Tuesday, August 22, 2017
I am one who can be mesmerized by the moon. One who will spend a long time staring at the moon while thinking about my life and its path.
I am aware that the moon has much to do with my mood and how I react to situations. I prefer to live in color using the darkness of the moon to clarify my purpose.
Yesterday the whole country was focused on the moon. It was an interesting time. I was not in the path of totality, but saw what I was meant to where I am right now.
Posted by Audrey Jensen-- at 10:23 AM
Monday, July 17, 2017
I am one who is working hard to grow, looking for the cracks and crevices others overlook. One who is finding the nourishment I need in the reservoirs that collect all I need to grow.
I just spent the weekend with a group of pagan women. What an amazing 24 hours of ritual, singing, chanting and sharing.
This group is one of the crevices I have found nourishment with. Even though I am an eclectic pagan, they welcomed me with open arms!

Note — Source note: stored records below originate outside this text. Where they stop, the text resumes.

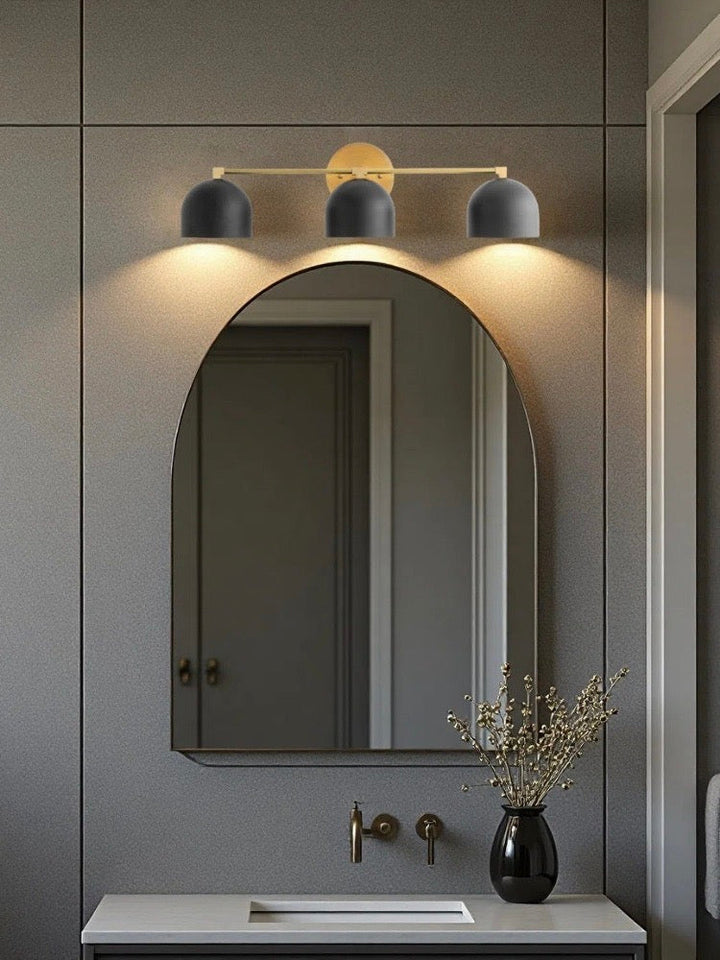 Mid-century wall light – brass bathroom mirror lamp in retro style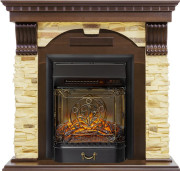 Каминокомплект Dublin - Темный дуб / Сланец с очагом Majestic FX M Black RC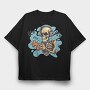 Creepy Skeleton Playing Videogames, Tricou Oversize Barbati (Unisex)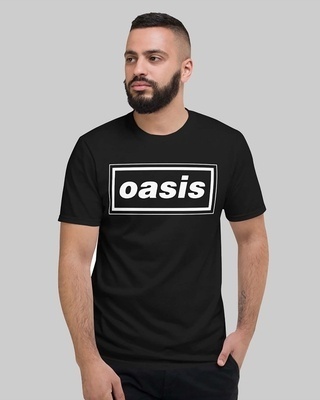 Shop Men's Black Oasis Typography T-shirt-Front
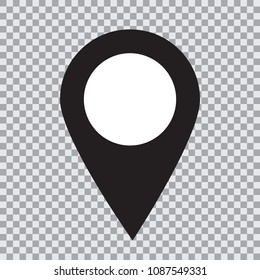 Pin point isolated icon. Pin point symbol. Pin point sign. Pin point icon for website, gps navigator, apps, business card.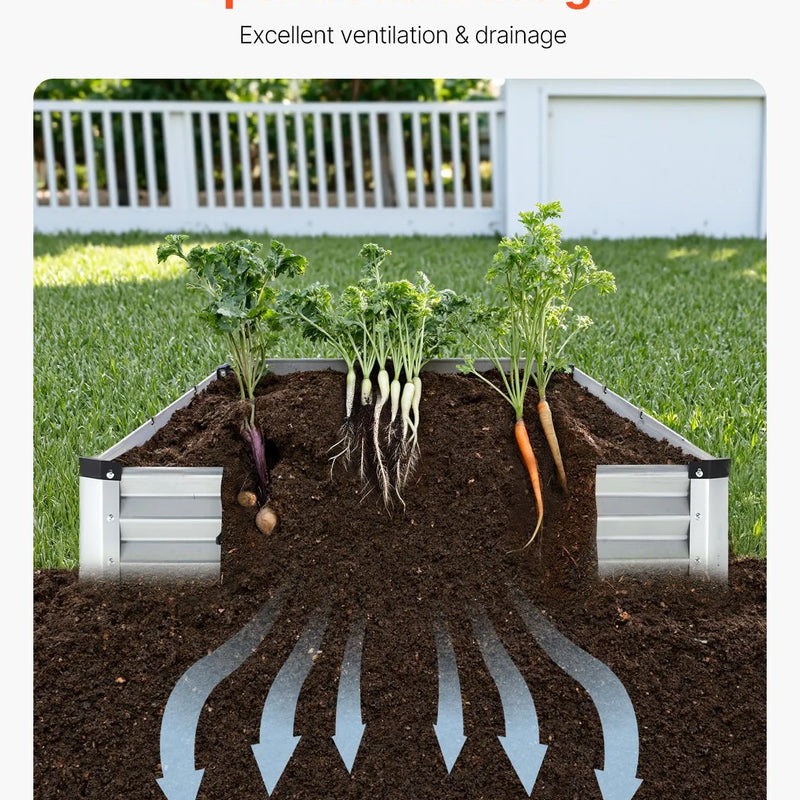 Metāla paaugstinātā dārza dobe 366 × 122 × 30 cm āra cinkota stādīšanas kaste sudraba krāsā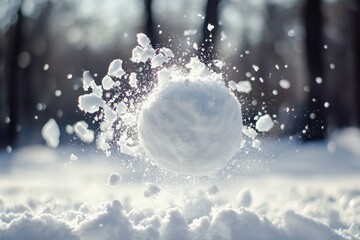 Poster - A Perfectly Formed Snowball Soaring Through the Air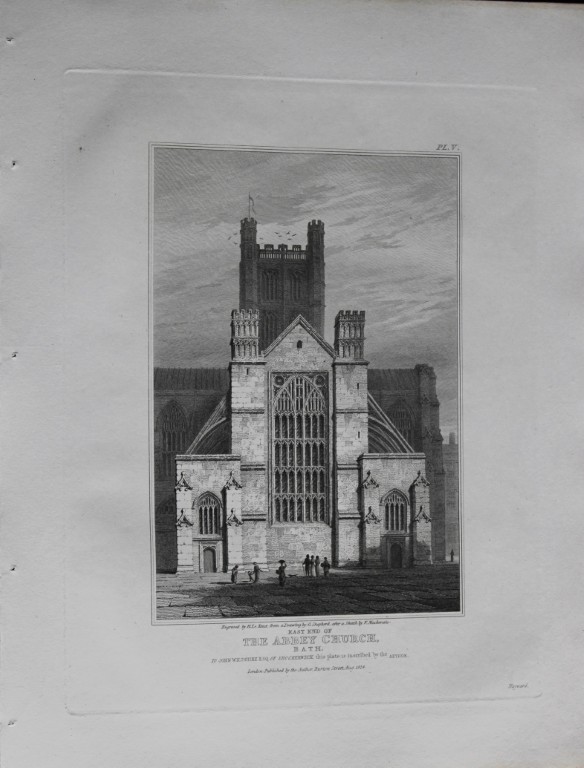 F Mackenzie - The Abbey Church, Bath engraved by J Le Keux 1824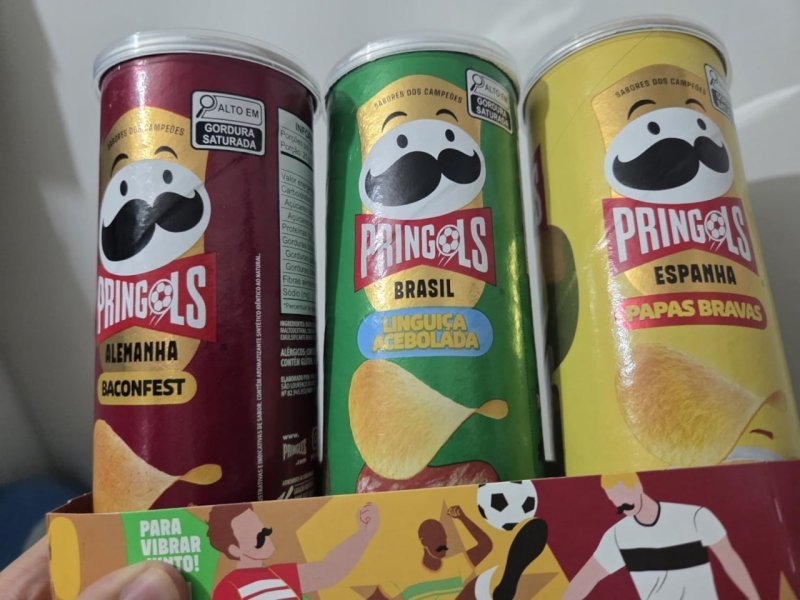 Salgadinho Batata Frita Pringles Tripack Especial Festa do Futebol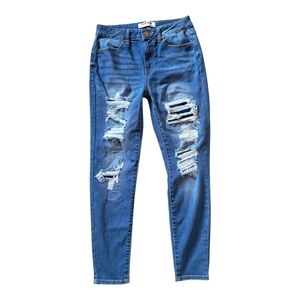 Wax Jean Blue Ripped Women's Skinny Jeans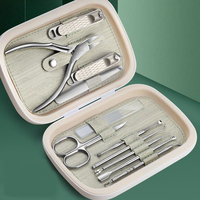 Ensemble de manucure de luxe en acier inoxydable de qualité supérieure, portable, 9 pièces, pour bébé et adulte, coffret cadeau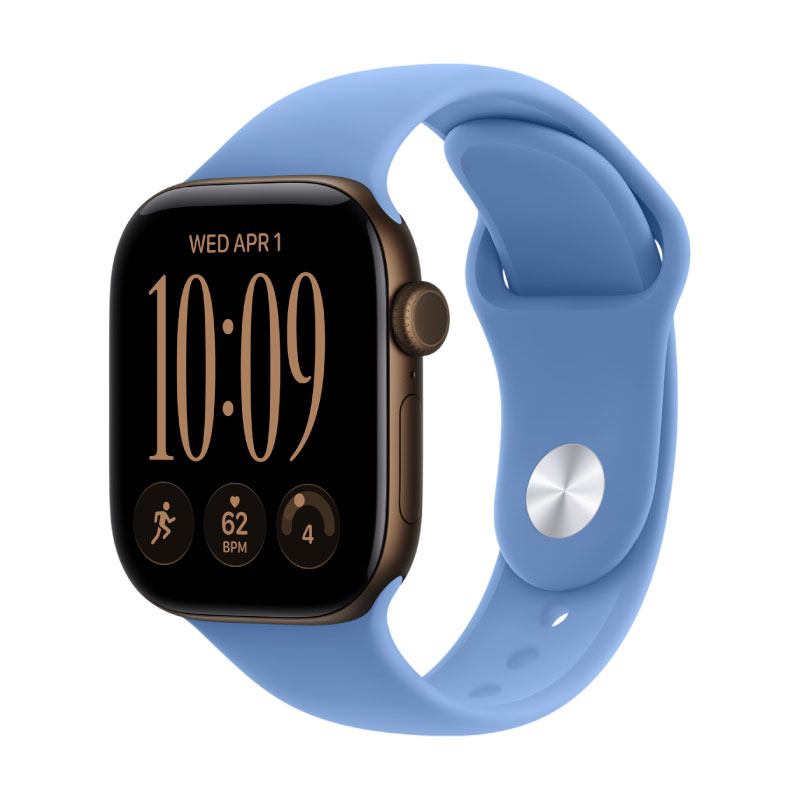 Apple Watch Series 12, 42 mm, Dark Bronze Aluminum Wildflower Blue Sport Band M/L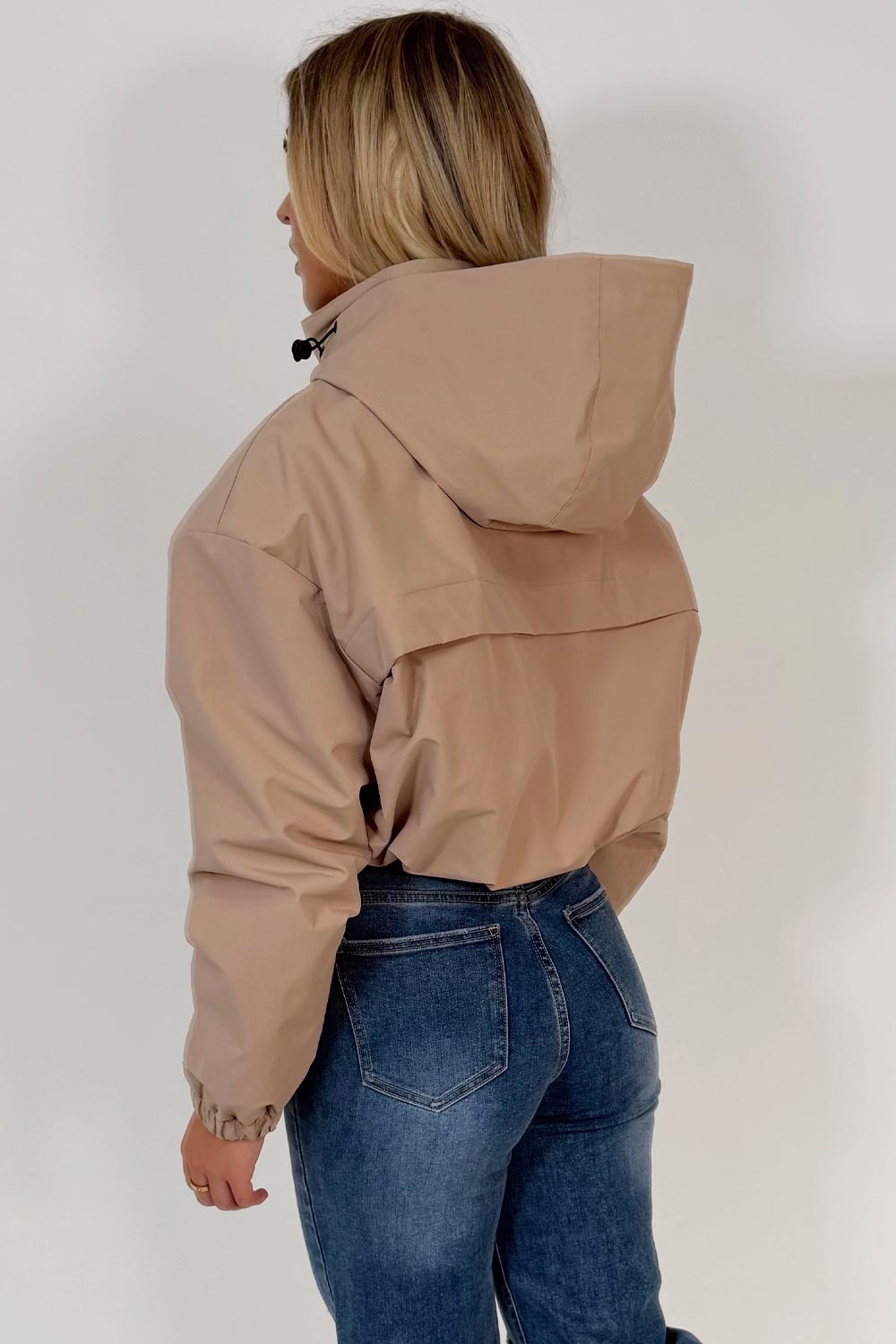 womens beige hooded padded jacket weather resistant waterproof windproof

Posted by Audrey Jensen-- at 5:21 PM
Wednesday, July 12, 2017
I am one who is looking for more balance in my life. One who is perusing all options in my spiritual arsenal. I am one who is ready to move on to the next phase of my life to see where it leads me.
Continuing to look at my life and how I am leading it. Things need to change so I can be more productive with my time and talents.
Still not where I want to be. It is a long and winding path!
Posted by Audrey Jensen-- at 4:43 PM
Friday, June 2, 2017
Saturday, May 27, 2017
I am one who is in a relationship that is unlike others. One who is very grateful that my relationship is solid and able to withstand stormy weather. I am one who looks towards the future with the same eyes as my mate.
Our week of camping brought lots of time to talk about the future. It is always good to rehash things that have been decided in the past. Are we still on the same page? We are.
Adjustments have been made to the future plans, but still moving in the same direction.
Posted by Audrey Jensen-- at 1:43 PM
Friday, May 26, 2017
I am one who believes in the magic in my soul. One who can accomplish whatever I hope to achieve. I am one who knows that when I believe in myself anything is possible.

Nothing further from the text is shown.